Carbon intensity does not measure the actual amount of greenhouse gas emissions; it shows the amount emitted relative to its economic output, such as manufacturing and services, in effect measuring the efficiency of energy use.
China, the world's biggest emitter of greenhouse gases, has rarely given news conferences at previous climate talks and the possibility that Beijing and Washington were close to an agreement rose last month when they unveiled emissions targets within a day of each other.
Developing world anger
But two days into the December 7-18 talks in the Danish capital, long-running north-south rifts have dampened hopes of reaching a robust global agreement among the 192 nations represented at the summit.
Su's remarks came on the same day that a draft Danish proposal for a political agreement caused an uproar at the summit, overshadowing a decision by the US, announced just hours earlier, to treat six greenhouse gases as a human health hazard.

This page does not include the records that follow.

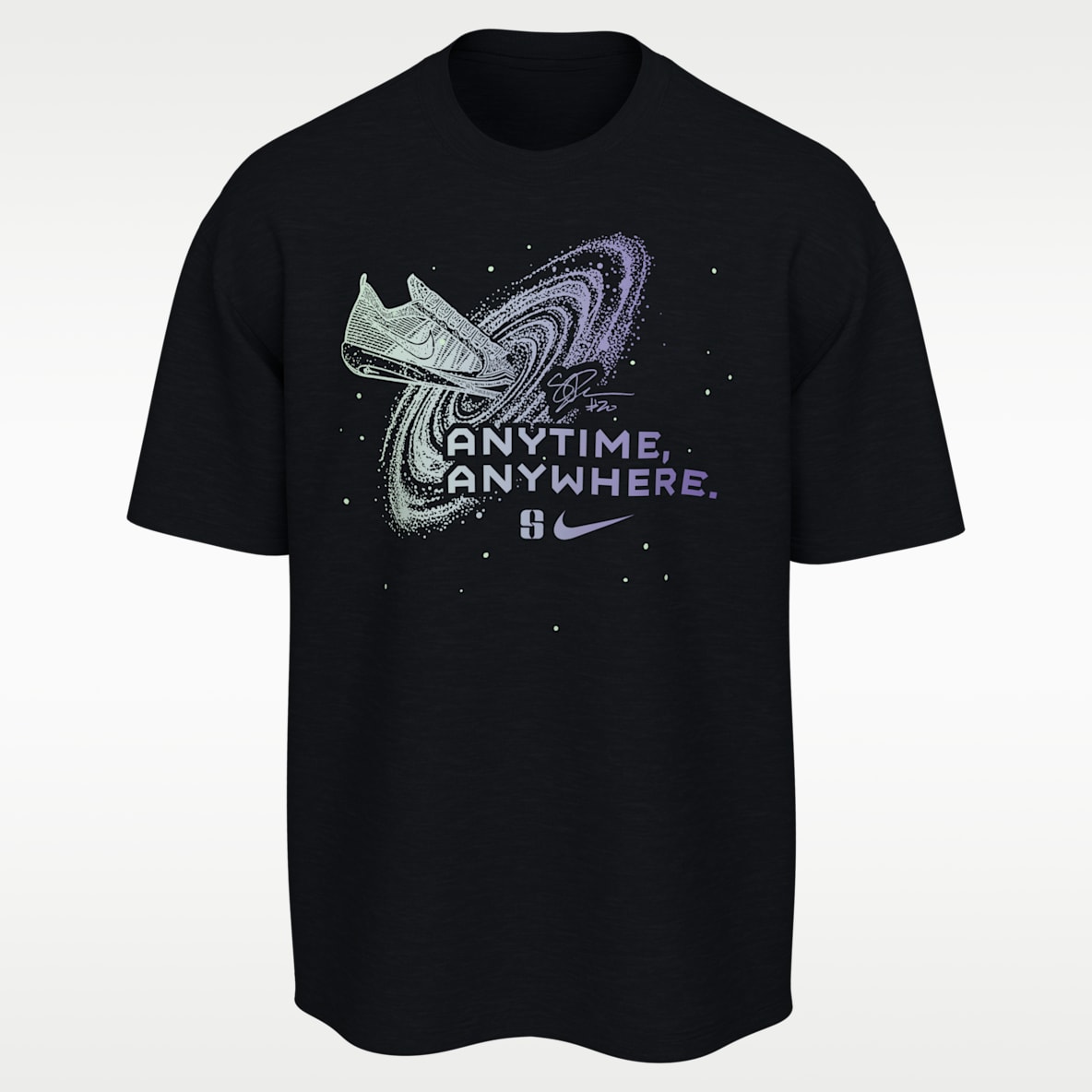 Sabrina Nike Basketball T-Shirt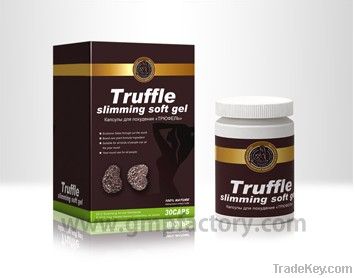 Black Turffle 2012 New Formula slimming capsule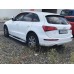 Бокові пороги Tayga V2 (2 шт., алюміній) Довга база для Fiat Doblo III 2023- рр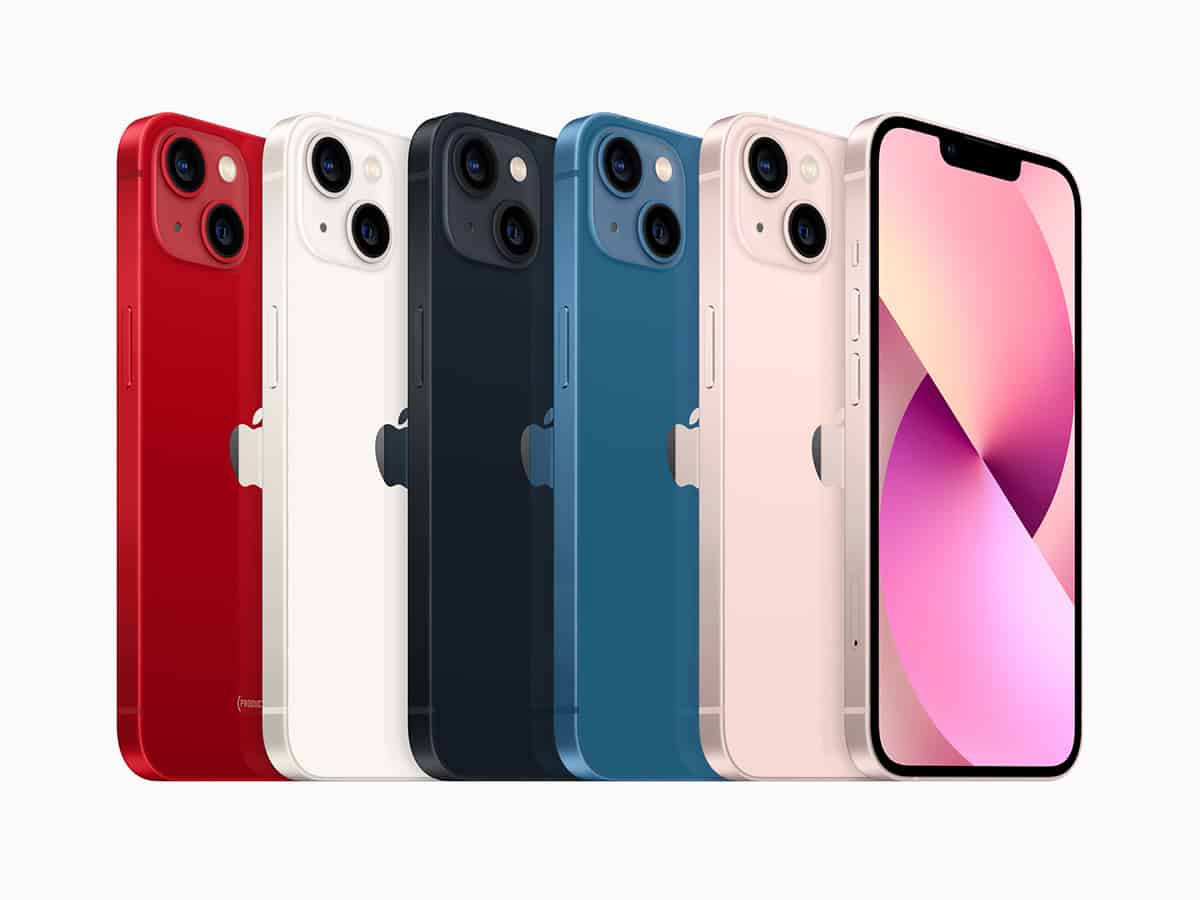 iPhone13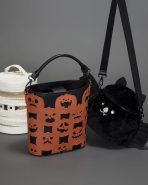 Loungefly Plush Bat Figural Crossbody Bag - Image 4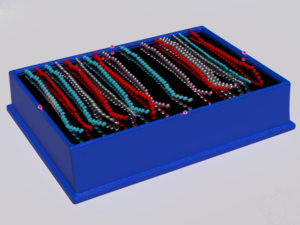 Игра «Вибрирующее зеркало с подсветкой» №1 - fgospostavki.ru - Ростов-на-Дону
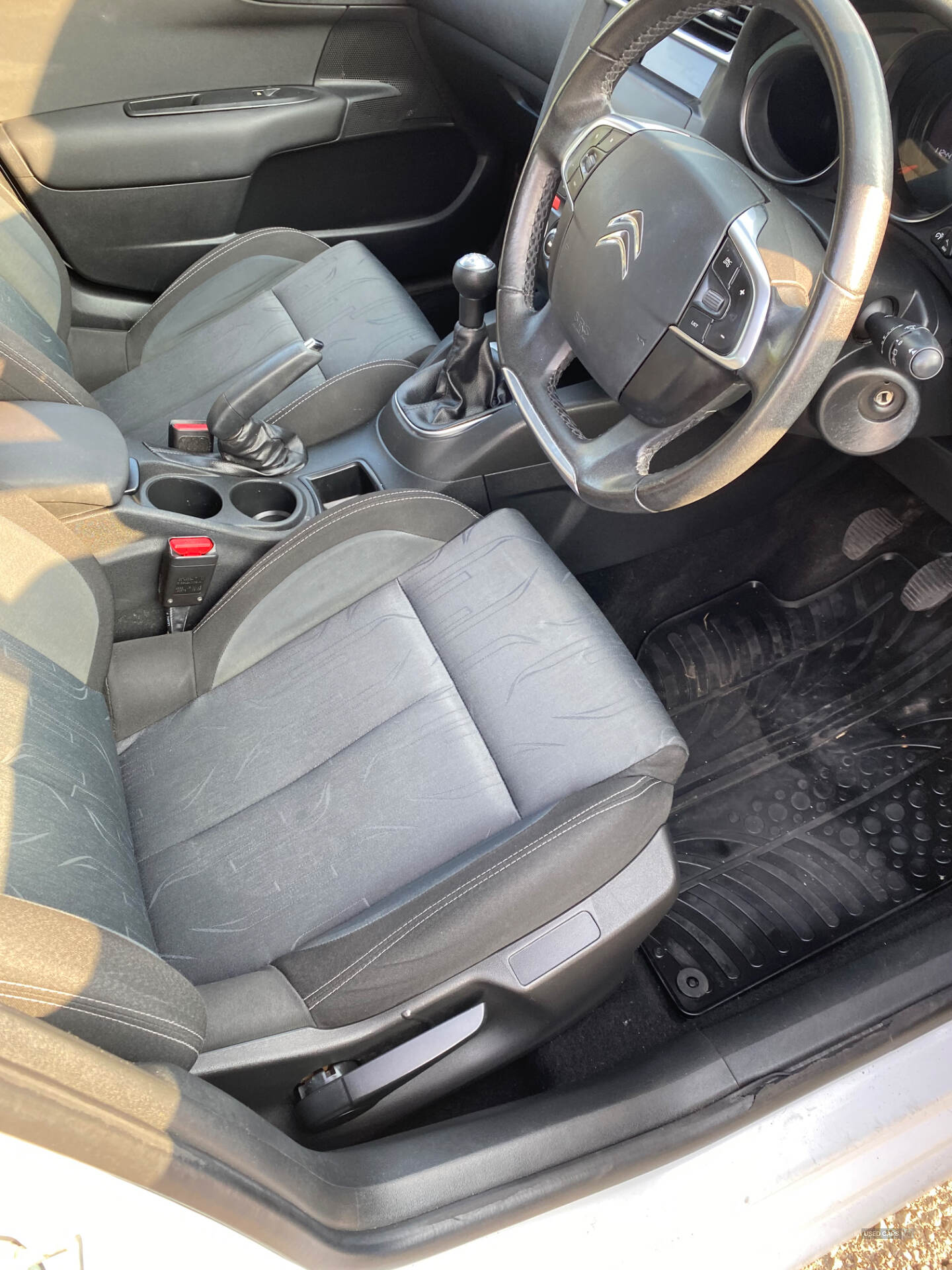 Jan 2015 Citroen C4 1.6 HDi VTR+ 5dr
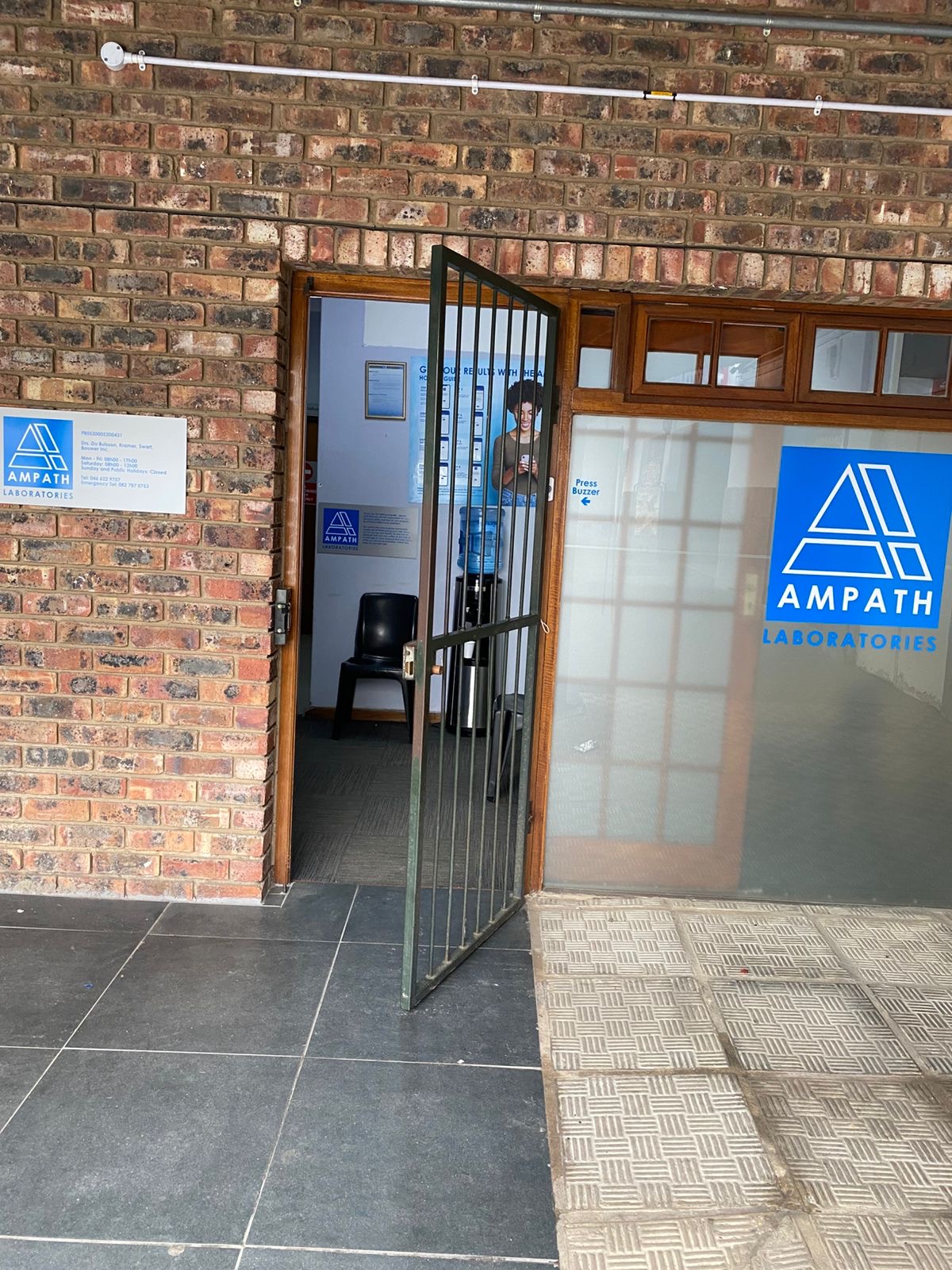 Images Ampath Grahamstown Laboratory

Environmentalists had hailed the US announcement on Monday and welcomed the timing, saying that allowing Barack Obama to sidestep congress to order emission cuts would help the US president convince Copenhagen delegates the US was serious about addressing climate change.
North-south divisions flare again over draft Danish proposal at Copenhagen summit
But just hours later, developing nations were expressing anger over the Danish draft that was circulated informally.
If accurate, the proposal would see more power handed to rich nations, the negotiating role of the UN sidelined and the Kyoto protocol abandoned.
The head of the G77 group of developing countries said on Tuesday that the draft proposal "threatens the success" of the summit.
Sudan's Lumumba Stanislas Dia Ping, who heads the G77 group, said members "will not sign an inequitable deal".
"We can't accept a deal that condemns 80 per cent of the world population to further suffering and injustice," he added.
Su said it was "unfair" to set a limit on nations that were still developing when emissions of developed countries were still going up.
'Not enough for coffin'
He also said a mooted annual $10bn financial help from rich nations to developing ones as a drop in the ocean.
|Su said the US, EU and Japan had not brought enough to the table [AFP]
"If divided by the world population it is less than $2 per person," he said, adding that this would not cover a coffee in the rich world or a coffin in poor countries that are at the sharp end of climate changes.
Su said that the success of the Copenhagen talks hinged in part on the offer brought to the table by the US, but dismissed the target for 2020 that Obama has laid out, criticising Washington for failing to rein in its emissions, unlike other developed nations.
"Currently the target is to reduce emissions 17 per cent from the 2005 level, I think for all of us this figure cannot be regarded as remarkable or notable," he said.
Su said all the rich nation targets broadly fell short of the emissions cuts recommended by a UN panel of scientists.
The panel has said reductions of 25 to 40 per cent below 1990 levels by 2020 were needed to avoid the worst effects of global warming.
He called a unilateral EU cut of 20 per cent insufficient, and even a sharper 30 per cent cut - which the bloc has said it may shift to depending on other cuts - was still too easy.
Su also attacked the new government in Japan for setting "impossible" conditions on its offer of a 25 per cent cut by 2020, which was a considerable increase on the goal set by the previous administration.
Japan, the world's fifth largest emitter, has said its commitment depends on ambitious targets being agreed to by major emitters.
Su said the demands on poor nations violated international agreements that allowed them to put economic growth first, and the demands on the US were unrealistic given its clear stance on climate change.
"The Japanese have actually made no commitment because they have set an impossible precondition," he said.